| EXERCISE REQUIREMENTS |
Further down are entries; set down exactly and only the lines from the one with "Sardine Fish Tin Tray" up to and including the one with "Photo of 12809 CHERRYWOOD LANE", dropping each picture.

| INPUT MATERIAL |
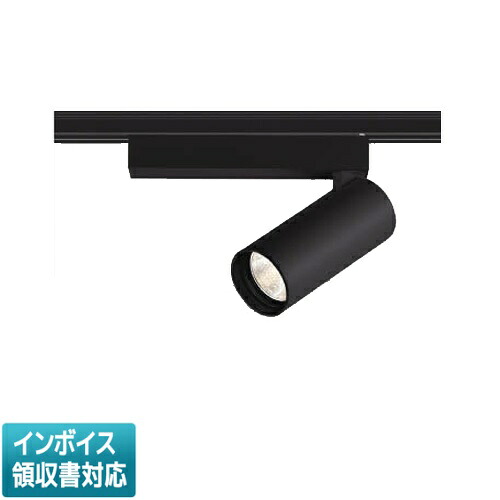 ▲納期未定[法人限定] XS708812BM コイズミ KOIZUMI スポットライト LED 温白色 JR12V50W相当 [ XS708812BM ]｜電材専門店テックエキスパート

---

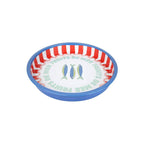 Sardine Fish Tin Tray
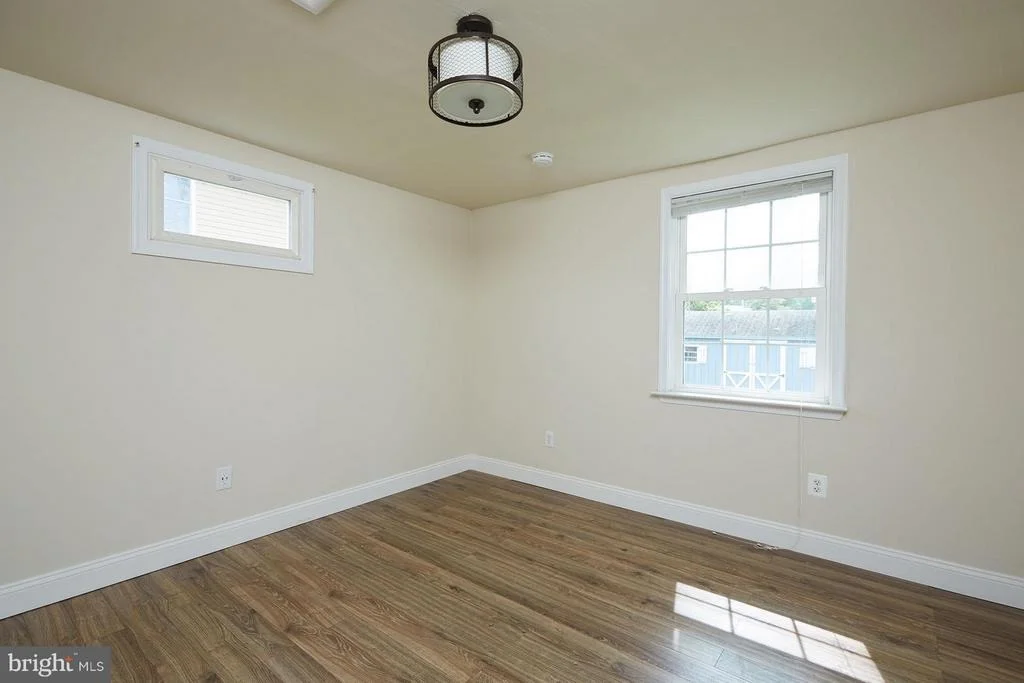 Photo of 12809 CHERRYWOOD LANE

| TASK RESPONSE |
 Sardine Fish Tin Tray
 Photo of 12809 CHERRYWOOD LANE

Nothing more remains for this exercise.